* **Requirement**
Go through the records underneath and write each one out again exactly.

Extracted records

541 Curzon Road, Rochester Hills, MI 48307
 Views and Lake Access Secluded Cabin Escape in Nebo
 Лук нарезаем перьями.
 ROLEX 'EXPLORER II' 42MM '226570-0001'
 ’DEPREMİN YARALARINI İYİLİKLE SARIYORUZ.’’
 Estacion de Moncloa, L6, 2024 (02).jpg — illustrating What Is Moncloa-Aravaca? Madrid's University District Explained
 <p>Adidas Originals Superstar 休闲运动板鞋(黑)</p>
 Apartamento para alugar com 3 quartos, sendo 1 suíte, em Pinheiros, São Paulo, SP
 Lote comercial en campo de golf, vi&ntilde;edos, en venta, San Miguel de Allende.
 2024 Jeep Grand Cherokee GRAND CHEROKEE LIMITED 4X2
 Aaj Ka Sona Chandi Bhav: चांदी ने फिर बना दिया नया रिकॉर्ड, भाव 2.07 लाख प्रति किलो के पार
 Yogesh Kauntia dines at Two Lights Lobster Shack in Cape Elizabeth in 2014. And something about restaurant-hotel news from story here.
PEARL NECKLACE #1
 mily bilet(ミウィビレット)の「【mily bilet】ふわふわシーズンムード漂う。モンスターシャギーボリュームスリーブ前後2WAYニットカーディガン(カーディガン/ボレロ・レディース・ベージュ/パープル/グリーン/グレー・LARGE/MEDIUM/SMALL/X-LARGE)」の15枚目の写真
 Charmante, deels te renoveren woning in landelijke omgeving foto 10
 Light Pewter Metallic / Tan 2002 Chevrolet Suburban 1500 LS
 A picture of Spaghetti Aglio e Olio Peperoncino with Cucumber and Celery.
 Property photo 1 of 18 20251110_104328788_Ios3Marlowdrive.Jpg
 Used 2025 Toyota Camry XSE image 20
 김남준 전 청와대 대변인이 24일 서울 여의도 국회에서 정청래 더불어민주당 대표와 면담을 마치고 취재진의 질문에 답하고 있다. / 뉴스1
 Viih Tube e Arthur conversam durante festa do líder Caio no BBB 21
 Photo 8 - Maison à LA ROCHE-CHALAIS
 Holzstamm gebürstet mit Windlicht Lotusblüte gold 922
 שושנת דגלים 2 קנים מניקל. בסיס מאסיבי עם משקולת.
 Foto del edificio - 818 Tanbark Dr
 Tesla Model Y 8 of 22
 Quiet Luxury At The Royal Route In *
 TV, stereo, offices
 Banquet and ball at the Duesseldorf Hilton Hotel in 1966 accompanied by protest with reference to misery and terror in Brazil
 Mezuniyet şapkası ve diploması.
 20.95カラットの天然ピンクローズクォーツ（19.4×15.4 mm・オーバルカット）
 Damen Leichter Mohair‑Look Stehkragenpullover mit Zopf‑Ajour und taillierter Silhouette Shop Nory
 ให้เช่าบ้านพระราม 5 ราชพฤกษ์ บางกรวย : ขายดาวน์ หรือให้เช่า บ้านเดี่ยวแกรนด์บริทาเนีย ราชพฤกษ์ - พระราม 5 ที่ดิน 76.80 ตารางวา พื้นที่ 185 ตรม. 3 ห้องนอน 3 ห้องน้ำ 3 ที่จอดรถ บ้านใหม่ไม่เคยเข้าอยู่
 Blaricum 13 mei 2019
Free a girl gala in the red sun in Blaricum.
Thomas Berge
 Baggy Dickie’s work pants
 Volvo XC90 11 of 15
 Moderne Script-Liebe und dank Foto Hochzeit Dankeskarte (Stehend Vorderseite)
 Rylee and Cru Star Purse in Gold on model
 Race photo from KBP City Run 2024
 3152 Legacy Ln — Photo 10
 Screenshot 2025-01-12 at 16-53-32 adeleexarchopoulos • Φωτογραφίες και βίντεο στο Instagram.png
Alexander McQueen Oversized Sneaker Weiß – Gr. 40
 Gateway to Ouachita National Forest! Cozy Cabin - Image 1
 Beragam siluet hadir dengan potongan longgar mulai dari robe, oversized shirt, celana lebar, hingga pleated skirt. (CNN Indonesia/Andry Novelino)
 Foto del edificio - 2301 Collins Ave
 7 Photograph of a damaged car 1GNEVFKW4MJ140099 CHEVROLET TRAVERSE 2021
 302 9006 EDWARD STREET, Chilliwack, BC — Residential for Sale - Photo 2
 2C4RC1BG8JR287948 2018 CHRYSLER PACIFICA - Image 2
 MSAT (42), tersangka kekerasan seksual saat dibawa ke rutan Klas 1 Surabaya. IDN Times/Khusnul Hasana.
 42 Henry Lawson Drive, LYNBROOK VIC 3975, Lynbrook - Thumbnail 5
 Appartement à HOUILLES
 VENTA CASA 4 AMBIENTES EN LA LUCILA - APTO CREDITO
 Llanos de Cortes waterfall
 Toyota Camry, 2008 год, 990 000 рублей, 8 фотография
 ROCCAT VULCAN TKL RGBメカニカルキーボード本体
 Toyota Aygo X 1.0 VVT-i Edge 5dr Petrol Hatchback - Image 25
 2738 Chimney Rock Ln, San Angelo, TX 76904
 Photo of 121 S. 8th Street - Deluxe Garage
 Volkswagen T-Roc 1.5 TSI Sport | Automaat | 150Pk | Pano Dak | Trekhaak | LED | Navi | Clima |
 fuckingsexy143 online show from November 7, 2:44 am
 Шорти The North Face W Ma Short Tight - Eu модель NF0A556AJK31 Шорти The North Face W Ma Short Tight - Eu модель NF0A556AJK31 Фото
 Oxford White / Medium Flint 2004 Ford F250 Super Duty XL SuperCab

* **Your response**
541 Curzon Road, Rochester Hills, MI 48307
 Views and Lake Access Secluded Cabin Escape in Nebo
 Лук нарезаем перьями.
 ROLEX 'EXPLORER II' 42MM '226570-0001'
 ’DEPREMİN YARALARINI İYİLİKLE SARIYORUZ.’’
 Estacion de Moncloa, L6, 2024 (02).jpg — illustrating What Is Moncloa-Aravaca? Madrid's University District Explained
 <p>Adidas Originals Superstar 休闲运动板鞋(黑)</p>
 Apartamento para alugar com 3 quartos, sendo 1 suíte, em Pinheiros, São Paulo, SP
 Lote comercial en campo de golf, vi&ntilde;edos, en venta, San Miguel de Allende.
 2024 Jeep Grand Cherokee GRAND CHEROKEE LIMITED 4X2
 Aaj Ka Sona Chandi Bhav: चांदी ने फिर बना दिया नया रिकॉर्ड, भाव 2.07 लाख प्रति किलो के पार
 Yogesh Kauntia dines at Two Lights Lobster Shack in Cape Elizabeth in 2014. And something about restaurant-hotel news from story here.
PEARL NECKLACE #1
 mily bilet(ミウィビレット)の「【mily bilet】ふわふわシーズンムード漂う。モンスターシャギーボリュームスリーブ前後2WAYニットカーディガン(カーディガン/ボレロ・レディース・ベージュ/パープル/グリーン/グレー・LARGE/MEDIUM/SMALL/X-LARGE)」の15枚目の写真
 Charmante, deels te renoveren woning in landelijke omgeving foto 10
 Light Pewter Metallic / Tan 2002 Chevrolet Suburban 1500 LS
 A picture of Spaghetti Aglio e Olio Peperoncino with Cucumber and Celery.
 Property photo 1 of 18 20251110_104328788_Ios3Marlowdrive.Jpg
 Used 2025 Toyota Camry XSE image 20
 김남준 전 청와대 대변인이 24일 서울 여의도 국회에서 정청래 더불어민주당 대표와 면담을 마치고 취재진의 질문에 답하고 있다. / 뉴스1
 Viih Tube e Arthur conversam durante festa do líder Caio no BBB 21
 Photo 8 - Maison à LA ROCHE-CHALAIS
 Holzstamm gebürstet mit Windlicht Lotusblüte gold 922
 שושנת דגלים 2 קנים מניקל. בסיס מאסיבי עם משקולת.
 Foto del edificio - 818 Tanbark Dr
 Tesla Model Y 8 of 22
 Quiet Luxury At The Royal Route In *
 TV, stereo, offices
 Banquet and ball at the Duesseldorf Hilton Hotel in 1966 accompanied by protest with reference to misery and terror in Brazil
 Mezuniyet şapkası ve diploması.
 20.95カラットの天然ピンクローズクォーツ（19.4×15.4 mm・オーバルカット）
 Damen Leichter Mohair‑Look Stehkragenpullover mit Zopf‑Ajour und taillierter Silhouette Shop Nory
 ให้เช่าบ้านพระราม 5 ราชพฤกษ์ บางกรวย : ขายดาวน์ หรือให้เช่า บ้านเดี่ยวแกรนด์บริทาเนีย ราชพฤกษ์ - พระราม 5 ที่ดิน 76.80 ตารางวา พื้นที่ 185 ตรม. 3 ห้องนอน 3 ห้องน้ำ 3 ที่จอดรถ บ้านใหม่ไม่เคยเข้าอยู่
 Blaricum 13 mei 2019
Free a girl gala in the red sun in Blaricum.
Thomas Berge
 Baggy Dickie’s work pants
 Volvo XC90 11 of 15
 Moderne Script-Liebe und dank Foto Hochzeit Dankeskarte (Stehend Vorderseite)
 Rylee and Cru Star Purse in Gold on model
 Race photo from KBP City Run 2024
 3152 Legacy Ln — Photo 10
 Screenshot 2025-01-12 at 16-53-32 adeleexarchopoulos • Φωτογραφίες και βίντεο στο Instagram.png
Alexander McQueen Oversized Sneaker Weiß – Gr. 40
 Gateway to Ouachita National Forest! Cozy Cabin - Image 1
 Beragam siluet hadir dengan potongan longgar mulai dari robe, oversized shirt, celana lebar, hingga pleated skirt. (CNN Indonesia/Andry Novelino)
 Foto del edificio - 2301 Collins Ave
 7 Photograph of a damaged car 1GNEVFKW4MJ140099 CHEVROLET TRAVERSE 2021
 302 9006 EDWARD STREET, Chilliwack, BC — Residential for Sale - Photo 2
 2C4RC1BG8JR287948 2018 CHRYSLER PACIFICA - Image 2
 MSAT (42), tersangka kekerasan seksual saat dibawa ke rutan Klas 1 Surabaya. IDN Times/Khusnul Hasana.
 42 Henry Lawson Drive, LYNBROOK VIC 3975, Lynbrook - Thumbnail 5
 Appartement à HOUILLES
 VENTA CASA 4 AMBIENTES EN LA LUCILA - APTO CREDITO
 Llanos de Cortes waterfall
 Toyota Camry, 2008 год, 990 000 рублей, 8 фотография
 ROCCAT VULCAN TKL RGBメカニカルキーボード本体
 Toyota Aygo X 1.0 VVT-i Edge 5dr Petrol Hatchback - Image 25
 2738 Chimney Rock Ln, San Angelo, TX 76904
 Photo of 121 S. 8th Street - Deluxe Garage
 Volkswagen T-Roc 1.5 TSI Sport | Automaat | 150Pk | Pano Dak | Trekhaak | LED | Navi | Clima |
 fuckingsexy143 online show from November 7, 2:44 am
 Шорти The North Face W Ma Short Tight - Eu модель NF0A556AJK31 Шорти The North Face W Ma Short Tight - Eu модель NF0A556AJK31 Фото
 Oxford White / Medium Flint 2004 Ford F250 Super Duty XL SuperCab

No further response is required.